Another use is just app store comment. Some app ratings are full of nonsense but with a 5 star. The language generator they are using right now does not produce any meaningful sentences so I can still detect them. But with this level of tool, every app in app store will be 5 star with reasonable comments. This will kill many rating systems.

kdaej commented 4 years ago

This article briefly mentions possible misuse of the language model to generate texts. I wonder what might be some legal issues or social problems that can be caused by such technology. Also, it seems inevitable that people will have access to such models although the authors decided not to share their codes. How could we address the related issues?

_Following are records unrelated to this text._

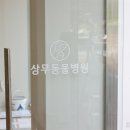 커스텀디자인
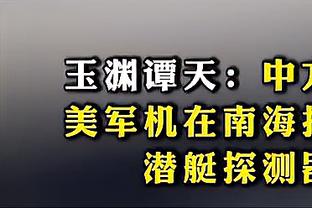 锡安：我和莺歌的化学反应就在那儿 同场打球越多我们就会越好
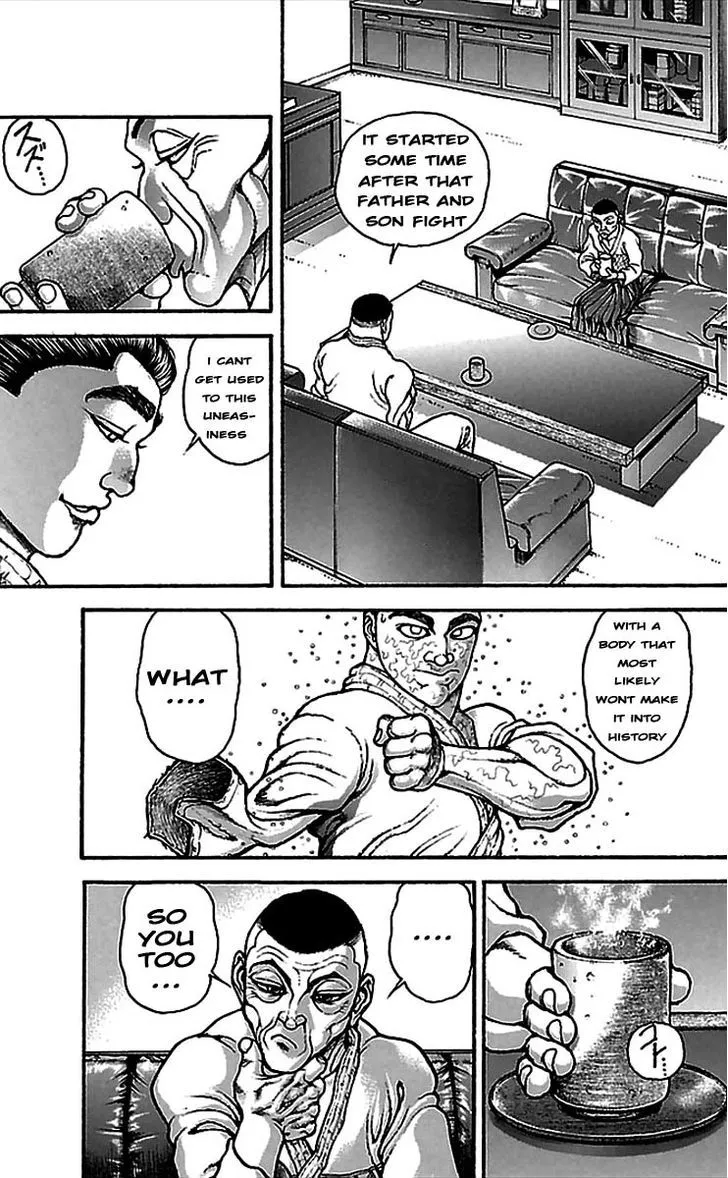 Baki Dou - Page 10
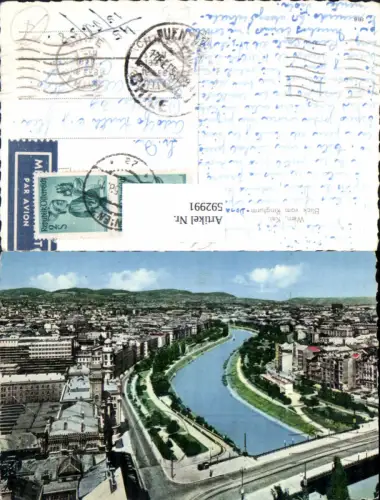 592991,Wien Innere Stadt Kai Blick v. Ringturm Vienna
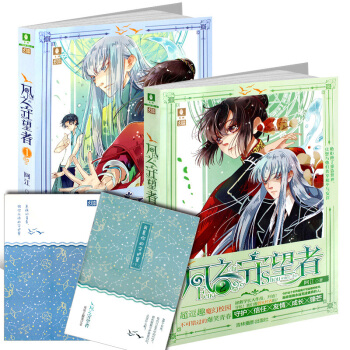 意林 风之守望者1+2 共2册 新锐魔幻作家阿江新作 魔幻校园 爆笑青春 校园小说小淑女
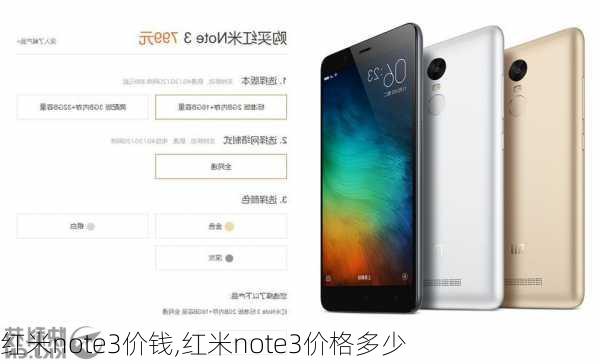 红米note3价钱,红米note3价格多少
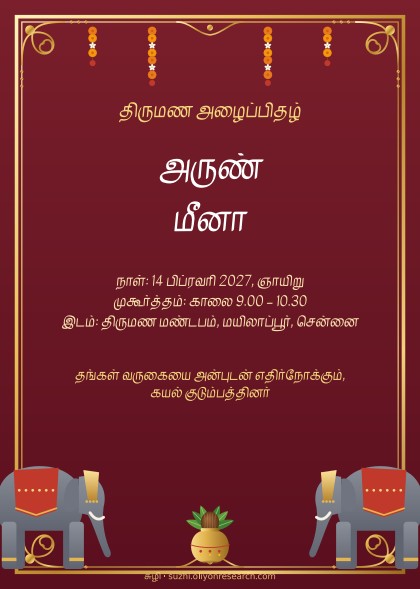 திருமண அழைப்பிதழ் · யானைகள்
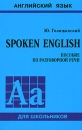 Spoken English Пособие по разговорной речи для школьников Серия: Английский язык для школьников инфо 5910c.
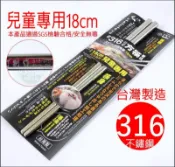 《好媳婦》上龍台灣製【#316不鏽鋼筷18cm/1雙】日式方型筷/龍町別作/四角箸筷子/兒童筷/白鐵筷/兒童餐具短筷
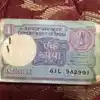 One Rupee Note,இது உங்க கிட்ட இருந்தா ஒரே நாளில் லட்சாதிபதி ஆகலாம் ...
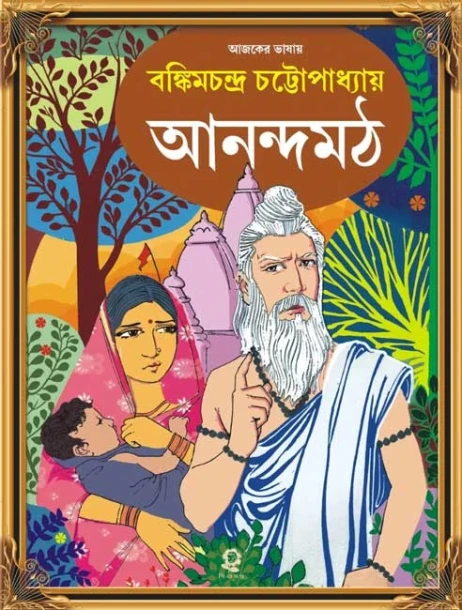 Anandamath by Bankim Chandra Chattopadhyay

VivianQian19 commented 4 years ago

I’m also struck by how closely the content generated by GPT-2 conditioned on the given prompt mimic the quality of human text as well as the model’s performance on domain specific language modeling tasks. The model also has great performance on language tasks such as reading comprehension etc. It it true that the application of these kind of large general language model can be beneficial to tasks such as dialogue agents and AI writing assistants and building better speech recognition system; at the same time, however, I’m also concerned about the implication of malicious application of these kinds of general language model if they fall into the wrong hands. I think this article gives a great starting point to think about the moral implications of AI. This seems to also be an issue in the legal field where the laws and regulation are constantly evolving to adapt to the advancement in technology. I wonder if there are any studies or research that study these questions and how are these kinds of studies designed?

cytwill commented 4 years ago

It feels amazing to see efforts put on training such big corpora. I think there is no wonder why the model could perform well on many text-related tasks since they are trained with so many texts, also with millions of parameters. However, what I expect to see is that if there are any possibilities so far for deep learning models to use a relatively simple structure and corpora of a smaller size to finish content-related tasks with high accuracy. Because generally, common users or studies might not use so many texts and possess computation capacity, so having a "small" but functional might be more helpful in these cases.